**REQUIREMENT:** An exact transcription is needed of the lines below from the one with "Стол-приставка двойной к" through the one with "Hexagons , Png", with no other lines and no pictures.

**INFORMATION SHOWN:**
■ ■ ■ ■ ■ ■ ■

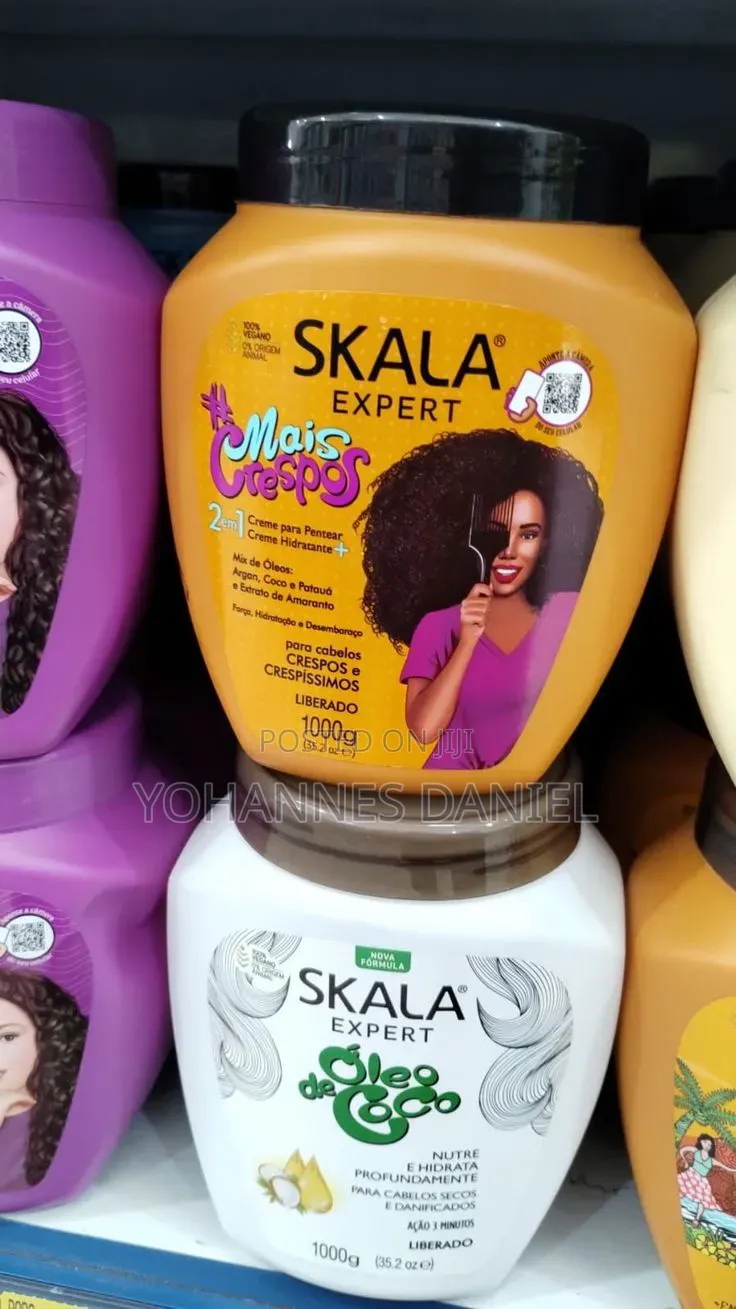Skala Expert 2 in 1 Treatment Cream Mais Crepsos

■ ■ ■ ■ ■ ■ ■

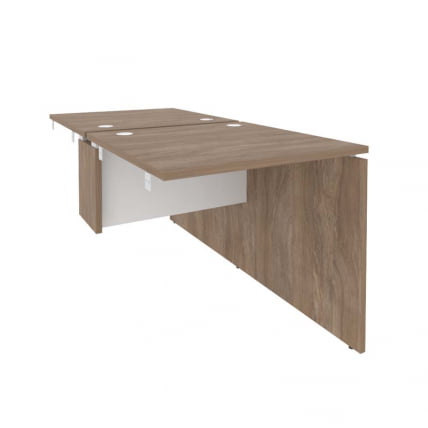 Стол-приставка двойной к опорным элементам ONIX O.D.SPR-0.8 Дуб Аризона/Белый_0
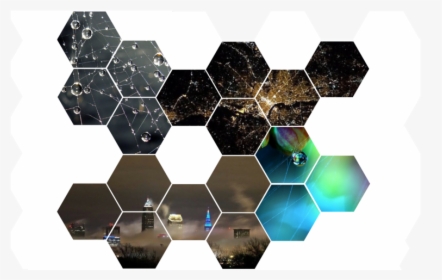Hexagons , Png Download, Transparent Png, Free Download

■ ■ ■ ■ ■ ■ ■

**RESULT OF THIS EXERCISE:**
 Стол-приставка двойной к опорным элементам ONIX O.D.SPR-0.8 Дуб Аризона/Белый_0
Hexagons , Png Download, Transparent Png, Free Download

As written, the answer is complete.